그 다음 `maxlen` 길이를 가진 시퀀스를 중복하여 추출합니다. 추출된 시퀀스를 원-핫 인코딩으로 변환하고 크기가 `(sequences, maxlen, unique_characters)`인 3D 넘파이 배열 `x`로 합칩니다. 동시에 훈련 샘플에 상응하는 타깃을 담은 배열 `y`를 준비합니다. 타깃은 추출된 시퀀스 다음에 오는 원-핫 인코딩된 글자입니다.

In [4]:
# 60개 글자로 된 시퀀스를 추출합니다.
maxlen = 60

# 세 글자씩 건너 뛰면서 새로운 시퀀스를 샘플링합니다.
step = 3

# 추출한 시퀀스를 담을 리스트
sentences = []

# 타깃(시퀀스 다음 글자)을 담을 리스트
next_chars = []

for i in range(0, len(text) - maxlen, step):
    sentences.append(text[i: i + maxlen])
    next_chars.append(text[i + maxlen])
print('시퀀스 개수:', len(sentences))

# 말뭉치에서 고유한 글자를 담은 리스트
chars = sorted(list(set(text)))
print('고유한 글자:', len(chars))
# chars 리스트에 있는 글자와 글자의 인덱스를 매핑한 딕셔너리
char_indices = dict((char, chars.index(char)) for char in chars)

# 글자를 원-핫 인코딩하여 0과 1의 이진 배열로 바꿉니다.
print('벡터화...')
x = np.zeros((len(sentences), maxlen, len(chars)), dtype=np.bool)
y = np.zeros((len(sentences), len(chars)), dtype=np.bool)
for i, sentence in enumerate(sentences):
    for t, char in enumerate(sentence):
        x[i, t, char_indices[char]] = 1
    y[i, char_indices[next_chars[i]]] = 1

시퀀스 개수: 200278
고유한 글자: 58
벡터화...


## 네트워크 구성

이 네트워크는 하나의 `LSTM` 층과 그 뒤에 `Dense` 분류기가 뒤따릅니다. 분류기는 가능한 모든 글자에 대한 소프트맥스 출력을 만듭니다. 순환 신경망이 시퀀스 데이터를 생성하는 유일한 방법은 아닙니다. 최근에는 1D 컨브넷도 이런 작업에 아주 잘 들어 맞는다는 것이 밝혀졌습니다.

In [5]:
from keras import layers

model = keras.models.Sequential()
model.add(layers.LSTM(128, input_shape=(maxlen, len(chars))))
model.add(layers.Dense(len(chars), activation='softmax'))

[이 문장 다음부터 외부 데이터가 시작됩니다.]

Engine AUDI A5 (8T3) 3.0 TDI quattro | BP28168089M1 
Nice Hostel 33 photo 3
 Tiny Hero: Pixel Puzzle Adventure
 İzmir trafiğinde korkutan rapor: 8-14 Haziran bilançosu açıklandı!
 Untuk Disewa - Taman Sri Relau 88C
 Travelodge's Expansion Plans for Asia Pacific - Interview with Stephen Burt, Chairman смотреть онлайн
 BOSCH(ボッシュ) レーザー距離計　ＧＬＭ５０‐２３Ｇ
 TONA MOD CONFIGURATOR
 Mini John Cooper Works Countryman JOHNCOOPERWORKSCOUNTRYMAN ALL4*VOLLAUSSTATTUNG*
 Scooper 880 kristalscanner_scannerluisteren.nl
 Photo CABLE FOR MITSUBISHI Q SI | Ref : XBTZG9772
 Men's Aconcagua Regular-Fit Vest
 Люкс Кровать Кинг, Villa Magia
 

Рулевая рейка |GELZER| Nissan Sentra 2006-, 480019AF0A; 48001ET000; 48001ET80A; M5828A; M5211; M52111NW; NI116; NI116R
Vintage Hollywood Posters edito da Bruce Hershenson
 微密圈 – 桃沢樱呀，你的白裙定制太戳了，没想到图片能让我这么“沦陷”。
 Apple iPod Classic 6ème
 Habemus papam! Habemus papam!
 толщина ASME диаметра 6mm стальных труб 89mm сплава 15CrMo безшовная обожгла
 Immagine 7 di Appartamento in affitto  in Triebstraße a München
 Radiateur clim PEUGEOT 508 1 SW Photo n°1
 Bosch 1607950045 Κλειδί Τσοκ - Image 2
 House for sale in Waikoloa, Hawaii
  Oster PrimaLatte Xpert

Instructions for updating:
Colocations handled automatically by placer.


타깃이 원-핫 인코딩되어 있기 때문에 모델을 훈련하기 위해 `categorical_crossentropy` 손실을 사용합니다:

In [6]:
optimizer = keras.optimizers.RMSprop(lr=0.01)
model.compile(loss='categorical_crossentropy', optimizer=optimizer)

## 언어 모델 훈련과 샘플링

훈련된 모델과 시드로 쓰일 간단한 텍스트가 주어지면 다음과 같이 반복하여 새로운 텍스트를 생성할 수 있습니다.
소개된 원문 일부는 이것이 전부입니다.